The most important industrial hydrocarbonylation reaction is hydroformylation which is the addition of formaldehyde to an olefin, resulting typically in an aldehyde. This reaction has been studied widely, and is regarded as a generalized procedure for aldehyde synthesis. Although hydroformylation can proceed stoichiometrically, the favored commerical reaction if catalytic.
Carbonylation reactions appear to be attractive for ketone synthesis, but the hydroformylation reaction fails for generalized ketone synthesis. In exceptional cases, ketones can be formed either stoichiometrically or catalytically by hydroformylation. Diethyl ketone forms readily by carbonylation of ethylene, although it competes in yield with propionaldehyde. Dibutyl ketone can be synthesized by carbonylation, though not as effectively. Other ketone synthesis reactions are rare or very specialized. Those that exist, it will be noted, form symmetrical ketones.
The catalysts used in hydroformylation reactions are normally cobalt or rhodium compounds although a host of metal complexes have been used. Rhodium catalysts are the newest, and are often the most selective for a preferred end product.
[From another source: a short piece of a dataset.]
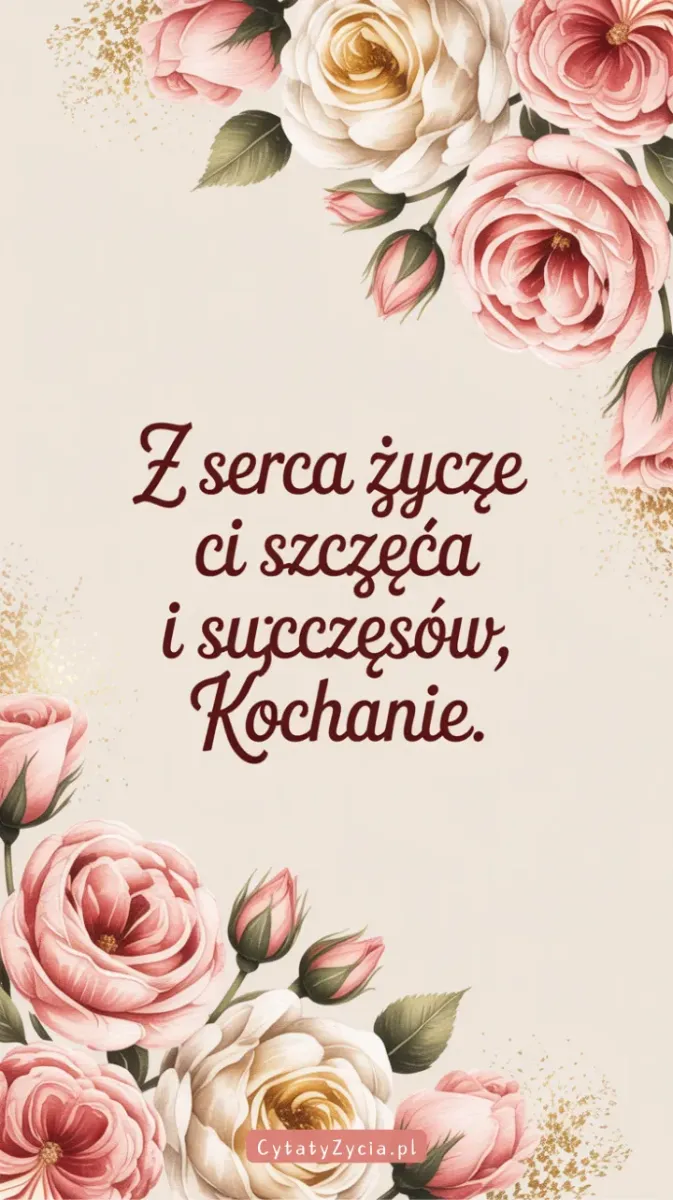 Urodzinowe życzenia dla męża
Nearly all the significant carbonylation reactions to date have involved hydroformylation. Although, in principle, higher order carbonylation, i.e., hydroacylation, appears an attractive possibility, efforts to obtain that reaction have been largely unsuccessful, and in particular, a general synthesis of unsymmetrical ketones by a carbonylation route which is catalytic in a metal compound has not been reported.